La recente riforma della legge penale ha introdotto i cosiddetti “dispositivi informatici”, altresì noti come trojan di Stato, aprendo la strada a nuovi inquietanti scenari relativi alla privacy dei cittadini italiani. Anche se la legge pone dei limiti ben precisi sul loro utilizzo, ci sono parecchie zone d’ombra che dovranno essere ” illuminate” da decreti correttivi.

Al momento non sono note le modalità di realizzazione dei trojan di Stato che dovranno essere prodotti da aziende certificate e in qualche modo affiliate alla magistratura. In questo modo si eviterebbero influenze esterne che potrebbero contribuire a togliere credibilità alle istituzioni.

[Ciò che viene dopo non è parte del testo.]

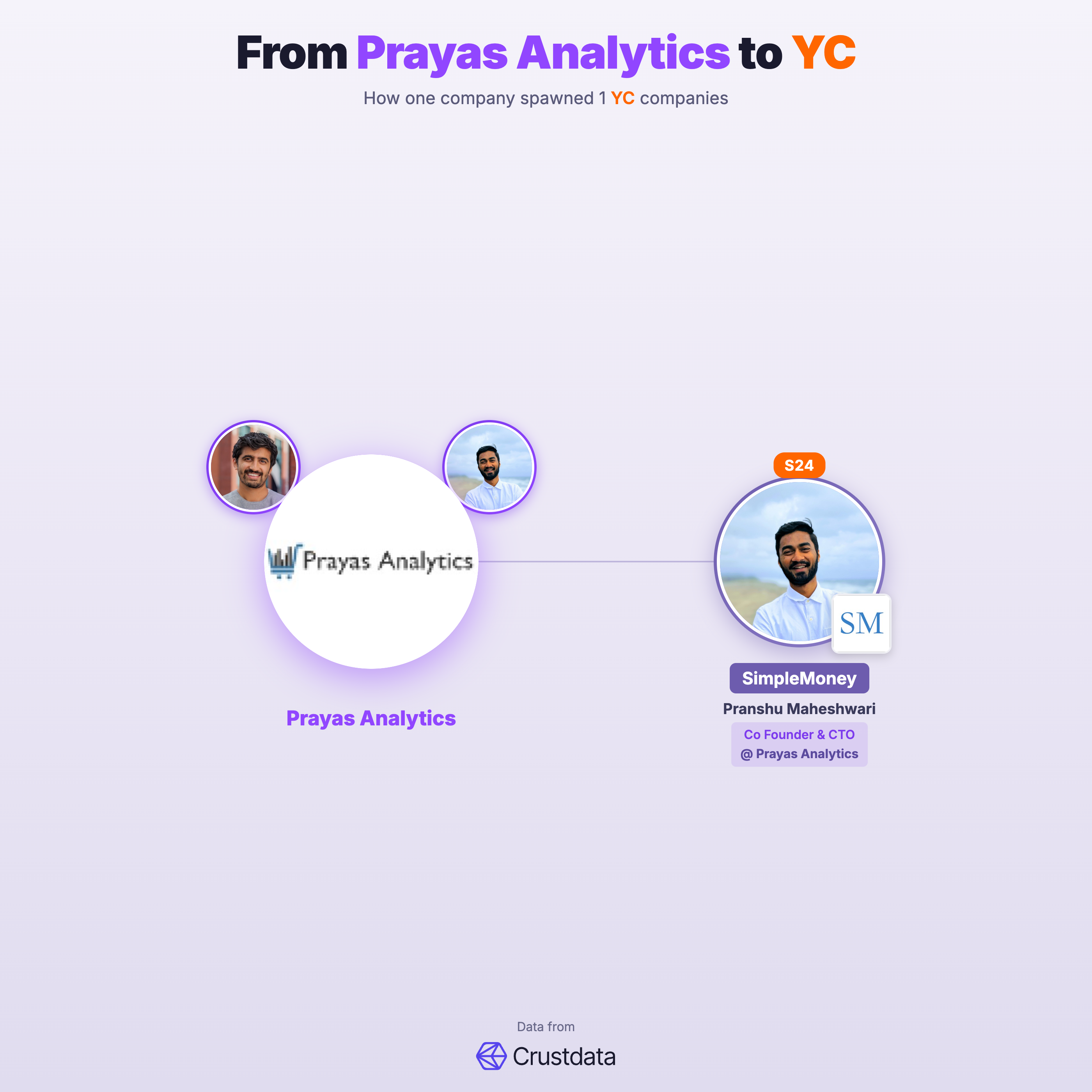 Prayas Analytics Founder Genealogy Tree - YC Alumni Startups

È inoltre previsto il deposito del codice sorgente dei trojan, permettendo così alla difesa di accedere ai dati raccolti dalla magistratura prima dell’inizio dei procedimenti penali. Quello che però non è chiaro è quali saranno i limiti dei malware prodotti: potranno accedere a qualsiasi contenuto dello smartphone?

Come andranno a impattare sulle prestazioni degli smartphone? Come potremo sapere se le intercettazioni conterranno informazioni che esulano dalle indagini? E come verranno trattate le informazioni così raccolte? La scarsa discussione nelle aule del Parlamento, avvenuta in seguito alla decisione di porre la fiducia su testo della legge, ha suscitato molte critiche da parte di esperti e associazioni, che sperano in una serie di decreti correttivi.

Sono davvero tanti i dubbi sollevati dalla legge e starà alle istituzioni chiarirli e fornire i necessari chiarimenti per rassicurare i cittadini.